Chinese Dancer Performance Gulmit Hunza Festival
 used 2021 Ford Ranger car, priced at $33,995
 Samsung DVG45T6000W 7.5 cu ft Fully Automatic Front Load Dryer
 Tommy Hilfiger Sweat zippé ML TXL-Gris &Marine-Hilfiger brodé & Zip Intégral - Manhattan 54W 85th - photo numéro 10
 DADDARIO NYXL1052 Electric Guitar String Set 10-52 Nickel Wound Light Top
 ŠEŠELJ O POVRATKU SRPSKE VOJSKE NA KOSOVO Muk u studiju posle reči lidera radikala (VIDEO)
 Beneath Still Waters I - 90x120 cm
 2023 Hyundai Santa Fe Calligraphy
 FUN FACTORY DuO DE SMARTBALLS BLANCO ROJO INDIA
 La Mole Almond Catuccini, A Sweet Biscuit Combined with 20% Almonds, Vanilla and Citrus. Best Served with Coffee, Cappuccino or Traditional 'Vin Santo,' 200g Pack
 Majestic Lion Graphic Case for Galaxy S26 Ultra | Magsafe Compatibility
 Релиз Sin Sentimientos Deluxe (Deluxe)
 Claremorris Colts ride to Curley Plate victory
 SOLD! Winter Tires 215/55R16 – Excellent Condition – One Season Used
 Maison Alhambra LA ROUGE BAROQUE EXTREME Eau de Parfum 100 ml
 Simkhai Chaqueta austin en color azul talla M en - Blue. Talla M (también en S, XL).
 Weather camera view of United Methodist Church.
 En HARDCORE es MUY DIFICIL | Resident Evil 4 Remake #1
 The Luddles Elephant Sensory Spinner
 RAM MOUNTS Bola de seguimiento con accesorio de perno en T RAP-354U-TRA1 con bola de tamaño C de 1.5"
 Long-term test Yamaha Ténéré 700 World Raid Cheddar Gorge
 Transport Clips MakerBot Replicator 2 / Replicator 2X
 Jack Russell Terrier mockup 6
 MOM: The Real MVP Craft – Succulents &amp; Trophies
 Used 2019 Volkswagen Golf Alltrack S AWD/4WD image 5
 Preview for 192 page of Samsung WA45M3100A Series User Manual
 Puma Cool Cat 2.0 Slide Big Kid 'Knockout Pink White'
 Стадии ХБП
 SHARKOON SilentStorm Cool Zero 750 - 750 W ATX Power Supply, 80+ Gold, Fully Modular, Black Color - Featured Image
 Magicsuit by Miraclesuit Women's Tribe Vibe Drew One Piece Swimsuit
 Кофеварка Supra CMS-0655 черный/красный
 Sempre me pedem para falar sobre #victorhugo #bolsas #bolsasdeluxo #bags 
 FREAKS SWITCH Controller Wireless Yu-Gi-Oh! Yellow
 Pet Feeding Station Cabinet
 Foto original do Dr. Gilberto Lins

○ ○ ○ ○ ○ ○ ○

Please repeat the listing above in full and exactly.

Answer for this exercise
Chinese Dancer Performance Gulmit Hunza Festival
 used 2021 Ford Ranger car, priced at $33,995
 Samsung DVG45T6000W 7.5 cu ft Fully Automatic Front Load Dryer
 Tommy Hilfiger Sweat zippé ML TXL-Gris &Marine-Hilfiger brodé & Zip Intégral - Manhattan 54W 85th - photo numéro 10
 DADDARIO NYXL1052 Electric Guitar String Set 10-52 Nickel Wound Light Top
 ŠEŠELJ O POVRATKU SRPSKE VOJSKE NA KOSOVO Muk u studiju posle reči lidera radikala (VIDEO)
 Beneath Still Waters I - 90x120 cm
 2023 Hyundai Santa Fe Calligraphy
 FUN FACTORY DuO DE SMARTBALLS BLANCO ROJO INDIA
 La Mole Almond Catuccini, A Sweet Biscuit Combined with 20% Almonds, Vanilla and Citrus. Best Served with Coffee, Cappuccino or Traditional 'Vin Santo,' 200g Pack
 Majestic Lion Graphic Case for Galaxy S26 Ultra | Magsafe Compatibility
 Релиз Sin Sentimientos Deluxe (Deluxe)
 Claremorris Colts ride to Curley Plate victory
 SOLD! Winter Tires 215/55R16 – Excellent Condition – One Season Used
 Maison Alhambra LA ROUGE BAROQUE EXTREME Eau de Parfum 100 ml
 Simkhai Chaqueta austin en color azul talla M en - Blue. Talla M (también en S, XL).
 Weather camera view of United Methodist Church.
 En HARDCORE es MUY DIFICIL | Resident Evil 4 Remake #1
 The Luddles Elephant Sensory Spinner
 RAM MOUNTS Bola de seguimiento con accesorio de perno en T RAP-354U-TRA1 con bola de tamaño C de 1.5"
 Long-term test Yamaha Ténéré 700 World Raid Cheddar Gorge
 Transport Clips MakerBot Replicator 2 / Replicator 2X
 Jack Russell Terrier mockup 6
 MOM: The Real MVP Craft – Succulents &amp; Trophies
 Used 2019 Volkswagen Golf Alltrack S AWD/4WD image 5
 Preview for 192 page of Samsung WA45M3100A Series User Manual
 Puma Cool Cat 2.0 Slide Big Kid 'Knockout Pink White'
 Стадии ХБП
 SHARKOON SilentStorm Cool Zero 750 - 750 W ATX Power Supply, 80+ Gold, Fully Modular, Black Color - Featured Image
 Magicsuit by Miraclesuit Women's Tribe Vibe Drew One Piece Swimsuit
 Кофеварка Supra CMS-0655 черный/красный
 Sempre me pedem para falar sobre #victorhugo #bolsas #bolsasdeluxo #bags 
 FREAKS SWITCH Controller Wireless Yu-Gi-Oh! Yellow
 Pet Feeding Station Cabinet
 Foto original do Dr. Gilberto Lins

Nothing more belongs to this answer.